TVM's get_output function is time-consuming with Mali openCL on RK3399

titikid · October 11, 2018, 11:28am

@merrymercy
Today i got an issue of very bad performance for mobilenet_ssd_300 model (no priorbox and detection’s layer). it’s about 1.9s for “run” function. I could not get 230ms as i reported before and i don’t know why
Otherwise, i tried to reproduce your benchmark result and it’s my result:

mobilenet: ~80ms
resnet18: 0.19822525763333332 s
vgg16: 0.98832358445 s

The resnet18 and vgg16 model’s results is a big different with result here
Here is my script. I don’t use RPC.
Is there something wrong with my implementation?

eqy · October 12, 2018, 8:40pm

Can you check if you have the current configs for mali from tophub?

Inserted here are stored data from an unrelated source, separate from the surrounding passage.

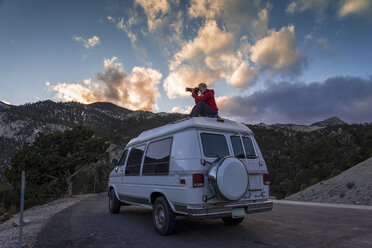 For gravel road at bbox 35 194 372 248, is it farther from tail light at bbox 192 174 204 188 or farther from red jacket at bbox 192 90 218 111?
red jacket at bbox 192 90 218 111

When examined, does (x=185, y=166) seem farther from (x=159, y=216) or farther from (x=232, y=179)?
(x=159, y=216)

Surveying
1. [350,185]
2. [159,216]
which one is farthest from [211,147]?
[350,185]

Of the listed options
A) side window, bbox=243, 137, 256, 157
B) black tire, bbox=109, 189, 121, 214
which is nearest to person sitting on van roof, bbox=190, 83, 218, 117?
side window, bbox=243, 137, 256, 157

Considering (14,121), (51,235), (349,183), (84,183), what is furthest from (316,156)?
(14,121)

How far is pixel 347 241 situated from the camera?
15.6ft

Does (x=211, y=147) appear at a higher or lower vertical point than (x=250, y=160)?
higher

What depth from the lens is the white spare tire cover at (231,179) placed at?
15.0 feet

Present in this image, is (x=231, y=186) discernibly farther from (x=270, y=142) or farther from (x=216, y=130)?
(x=270, y=142)

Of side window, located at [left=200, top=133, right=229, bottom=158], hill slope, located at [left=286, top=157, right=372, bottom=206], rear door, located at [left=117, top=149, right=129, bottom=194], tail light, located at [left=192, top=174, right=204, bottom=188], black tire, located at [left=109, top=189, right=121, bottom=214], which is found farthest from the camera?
hill slope, located at [left=286, top=157, right=372, bottom=206]

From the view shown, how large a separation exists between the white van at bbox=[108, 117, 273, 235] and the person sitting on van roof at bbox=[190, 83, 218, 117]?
0.82 m

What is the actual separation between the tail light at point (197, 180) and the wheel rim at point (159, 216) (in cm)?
120

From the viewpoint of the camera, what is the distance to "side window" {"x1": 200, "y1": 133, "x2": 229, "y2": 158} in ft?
16.7

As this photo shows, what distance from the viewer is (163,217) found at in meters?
5.27

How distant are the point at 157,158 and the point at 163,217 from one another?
1.36 m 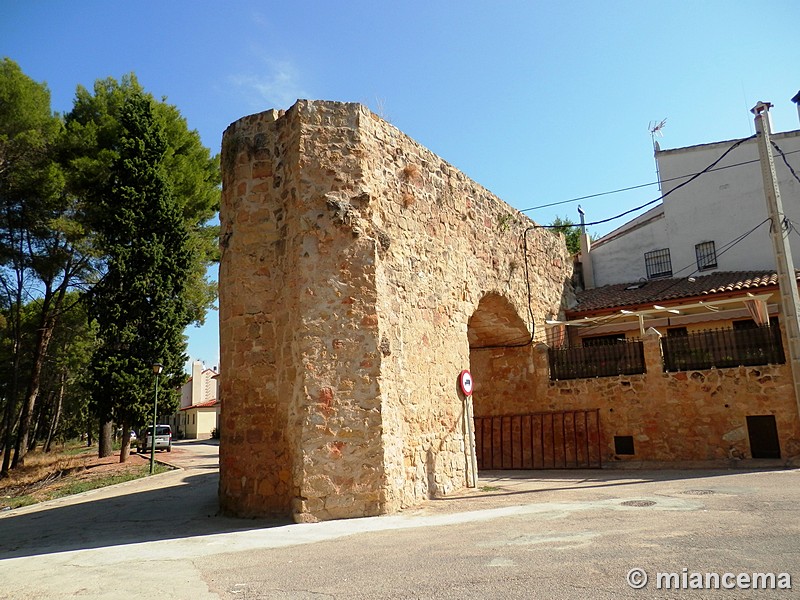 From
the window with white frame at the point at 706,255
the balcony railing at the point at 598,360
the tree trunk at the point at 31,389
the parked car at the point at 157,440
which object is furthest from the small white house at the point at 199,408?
the window with white frame at the point at 706,255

titikid · October 15, 2018, 9:03am

@eqy i checkout the lastest code of tvm and i can reproduce mobilenet_ssd_300’s performance as i reported before (250ms)
i found that we don’t have pre-tunned parameters for this model. So the performance will be better if i use autoTVM?

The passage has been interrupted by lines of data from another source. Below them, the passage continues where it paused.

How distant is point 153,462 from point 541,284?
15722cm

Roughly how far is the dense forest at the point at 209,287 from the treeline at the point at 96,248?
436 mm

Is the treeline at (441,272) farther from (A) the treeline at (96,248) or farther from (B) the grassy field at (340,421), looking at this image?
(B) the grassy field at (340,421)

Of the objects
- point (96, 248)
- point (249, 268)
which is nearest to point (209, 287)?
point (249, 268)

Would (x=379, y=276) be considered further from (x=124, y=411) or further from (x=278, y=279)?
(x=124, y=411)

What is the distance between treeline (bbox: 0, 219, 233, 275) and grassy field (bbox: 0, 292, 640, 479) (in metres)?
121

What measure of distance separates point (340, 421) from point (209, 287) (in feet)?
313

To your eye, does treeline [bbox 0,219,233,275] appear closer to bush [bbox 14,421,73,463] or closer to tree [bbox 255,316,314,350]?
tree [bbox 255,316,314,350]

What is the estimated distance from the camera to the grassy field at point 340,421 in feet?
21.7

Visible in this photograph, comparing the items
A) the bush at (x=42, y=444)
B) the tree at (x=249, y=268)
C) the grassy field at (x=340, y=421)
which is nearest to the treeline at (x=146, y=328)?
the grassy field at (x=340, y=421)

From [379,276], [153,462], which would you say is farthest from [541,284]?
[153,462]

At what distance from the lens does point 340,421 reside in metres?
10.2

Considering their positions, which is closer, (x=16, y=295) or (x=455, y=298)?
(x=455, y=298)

merrymercy · October 15, 2018, 4:31pm

sure.

eqy · October 15, 2018, 6:30pm

Yes, there are no guarantees about using fallback configs. The performance will very likely be better with AutoTVM.

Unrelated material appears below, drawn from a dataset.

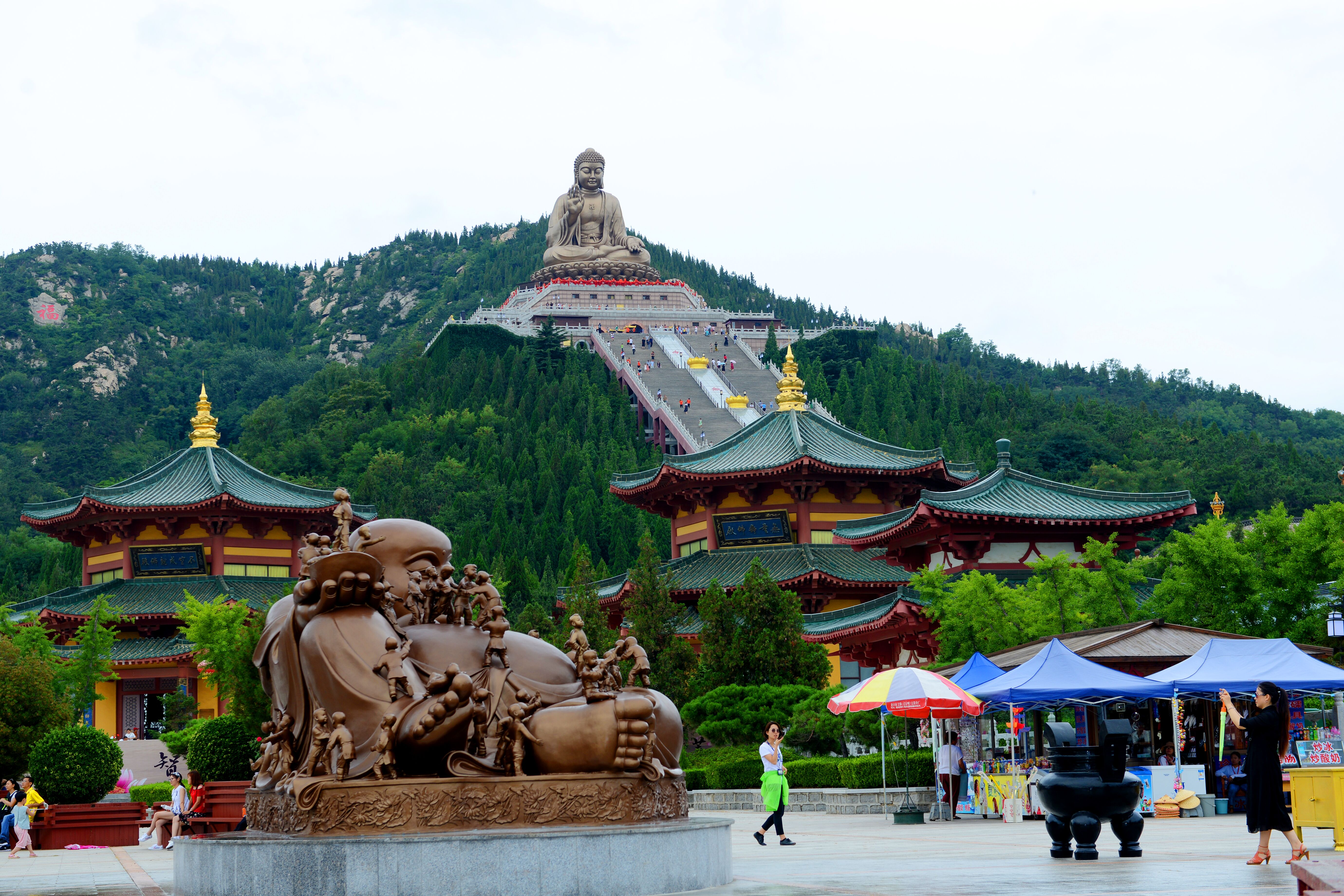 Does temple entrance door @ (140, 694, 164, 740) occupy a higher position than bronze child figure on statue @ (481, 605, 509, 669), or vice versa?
bronze child figure on statue @ (481, 605, 509, 669)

kgomaa · November 4, 2018, 8:25am

@merrymercy Is this the case with CPU run as well?

yzhliu · November 4, 2018, 6:17pm

run on CPU should cost “real” running time.

kaishi · December 1, 2018, 6:47pm

@titikid

I have RK3399 board and like to reproduce your result of mobilenet-ssd.
Can you show me the steps of doing this and the best time you have got?

Thanks,

daweili1226 · December 20, 2018, 3:18am

This is also urgent to me:grinning:

daweili1226 · December 20, 2018, 3:59am

Can we reduce time cost by asynchronous getting results back from GPU? Not to wait for all outputs to be ready?